EXERCISE INSTRUCTIONS
Under this line is a listing; return exactly the lines starting at the one with "Imagen 8 de" and running down to the one with "乙木女和丙火男成婚怎么样 乙木女和丙火男的婚姻怎么", and leave out its pictures.

THE DATA
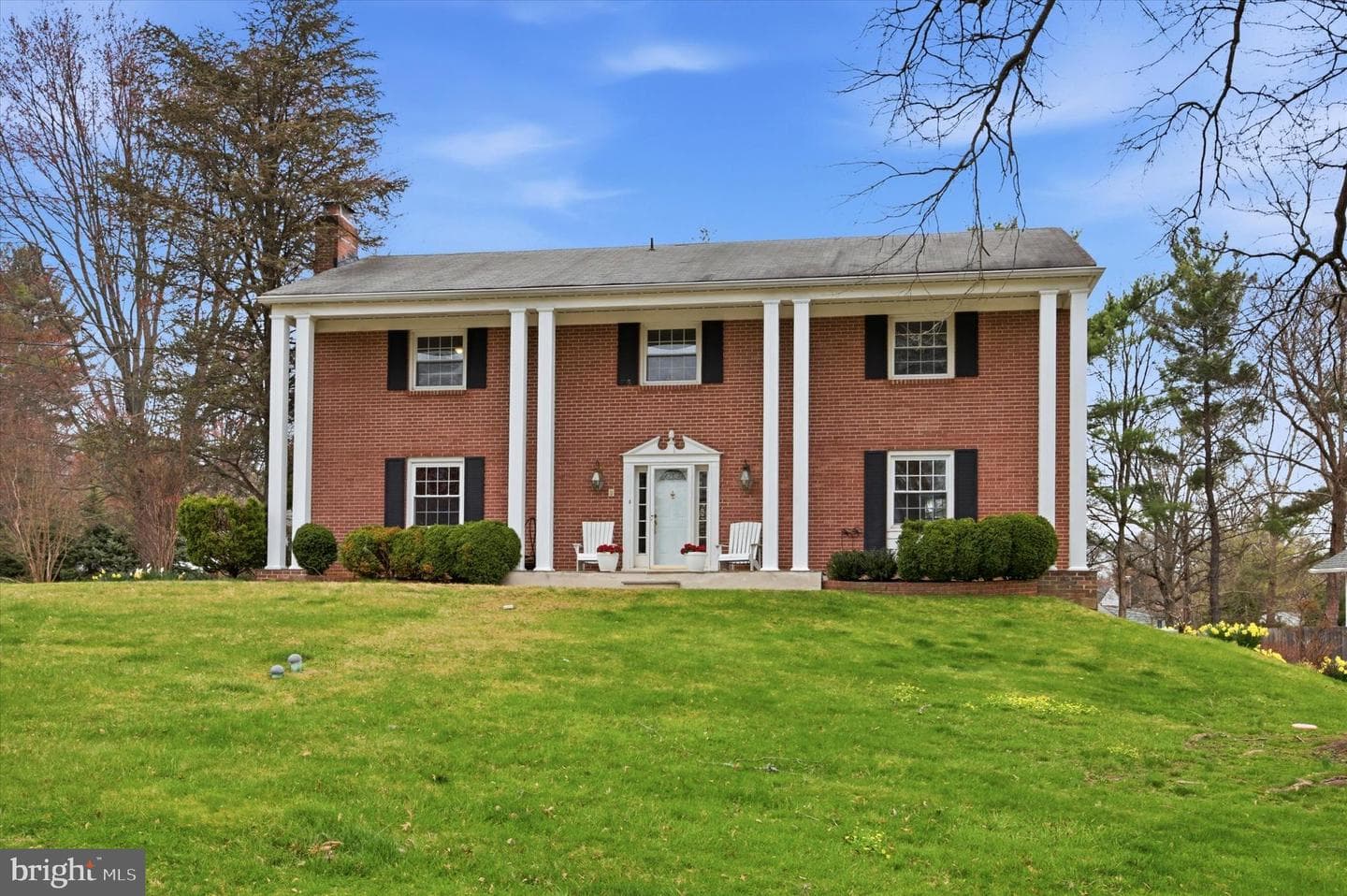 560 Watford Lane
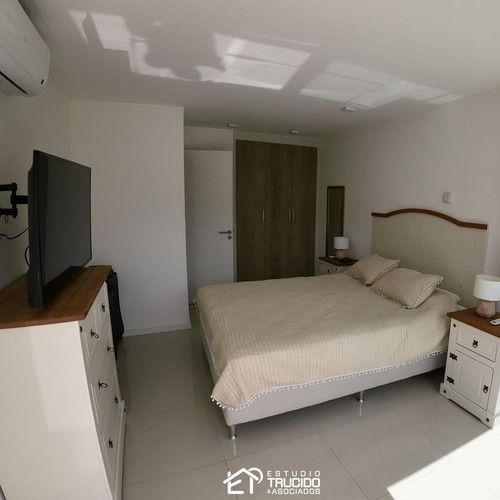 Imagen 8 de 14 de Alquiler Temporal ! Parada 18 Playa Mansa, 1 Dormitorio, Balcón, Excelentes Amenities.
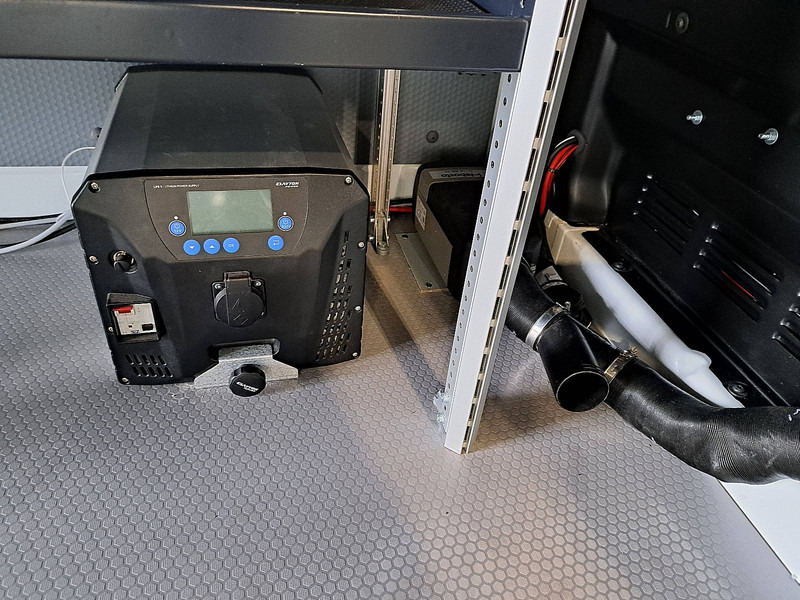Leasing of Ford Transit Custom 2.0 L2H1 WP-Inrichting ! Ford Transit Custom 2.0 L2H1 WP-Inrichting !: picture 14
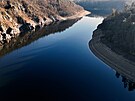 N�zk� hladina vodn� n�dr�e Orl�k pohledem z dronu (16. prosinec 2025)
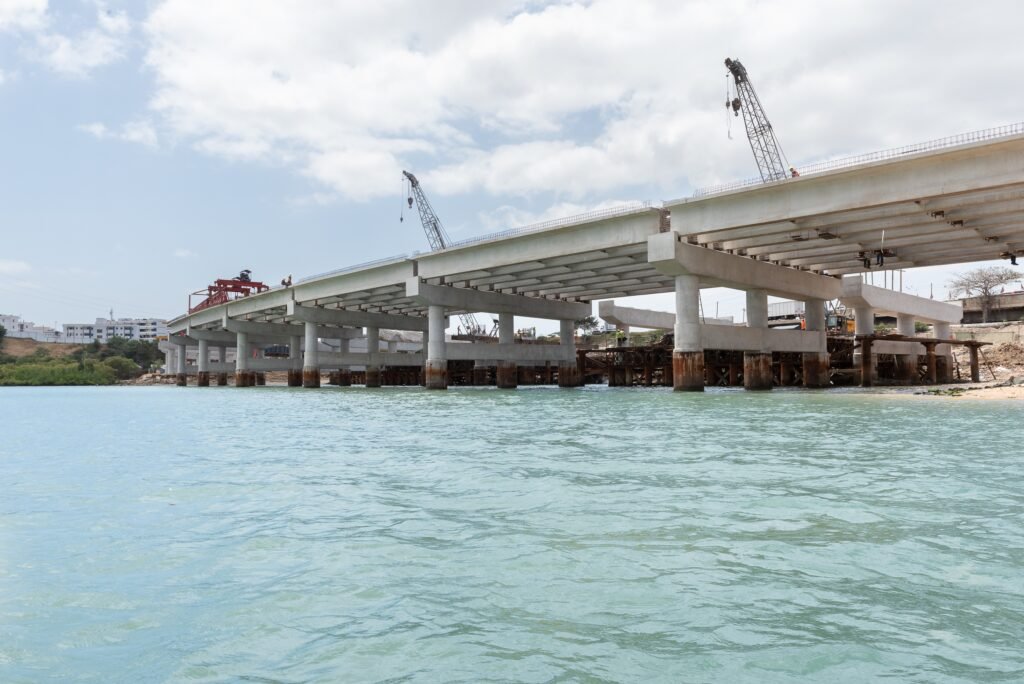 The 457m long Makupa Causeway Bridge which links Mombasa City to the Kenyan mainland has been built using sustainably produced Duracem Cement which reduces carbon emissions by 64 percent. 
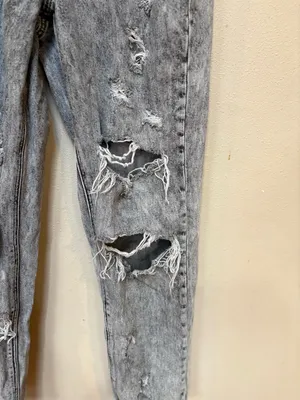 American Eagle Gray Acid Wash Ripped Boyfriend Jeans Y2K Grunge 6 thumbnail 7
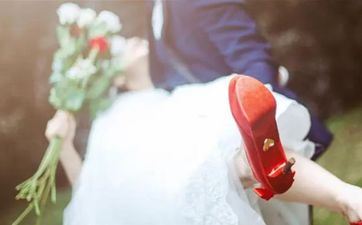 乙木女和丙火男成婚怎么样 乙木女和丙火男的婚姻怎么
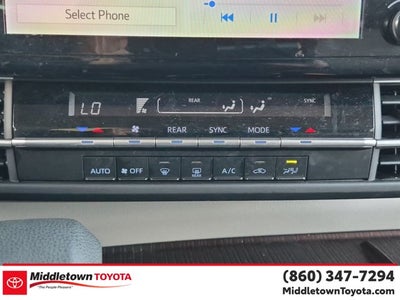 2022 Toyota Sienna LE
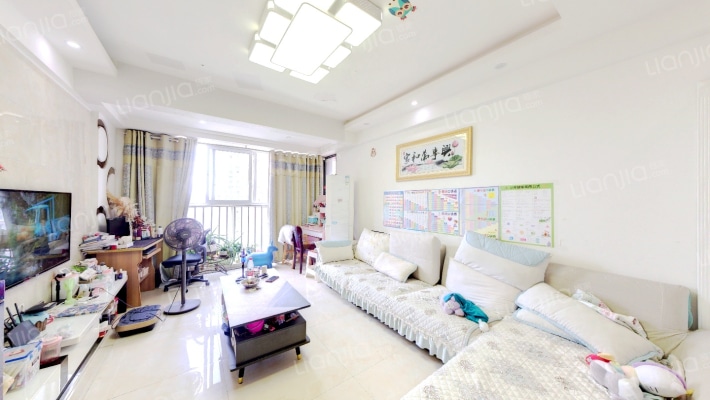 置信逸都B区二手房实景图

YOUR RESPONSE
 Imagen 8 de 14 de Alquiler Temporal ! Parada 18 Playa Mansa, 1 Dormitorio, Balcón, Excelentes Amenities.
Leasing of Ford Transit Custom 2.0 L2H1 WP-Inrichting ! Ford Transit Custom 2.0 L2H1 WP-Inrichting !: picture 14
 N�zk� hladina vodn� n�dr�e Orl�k pohledem z dronu (16. prosinec 2025)
 The 457m long Makupa Causeway Bridge which links Mombasa City to the Kenyan mainland has been built using sustainably produced Duracem Cement which reduces carbon emissions by 64 percent. 
 American Eagle Gray Acid Wash Ripped Boyfriend Jeans Y2K Grunge 6 thumbnail 7
 乙木女和丙火男成婚怎么样 乙木女和丙火男的婚姻怎么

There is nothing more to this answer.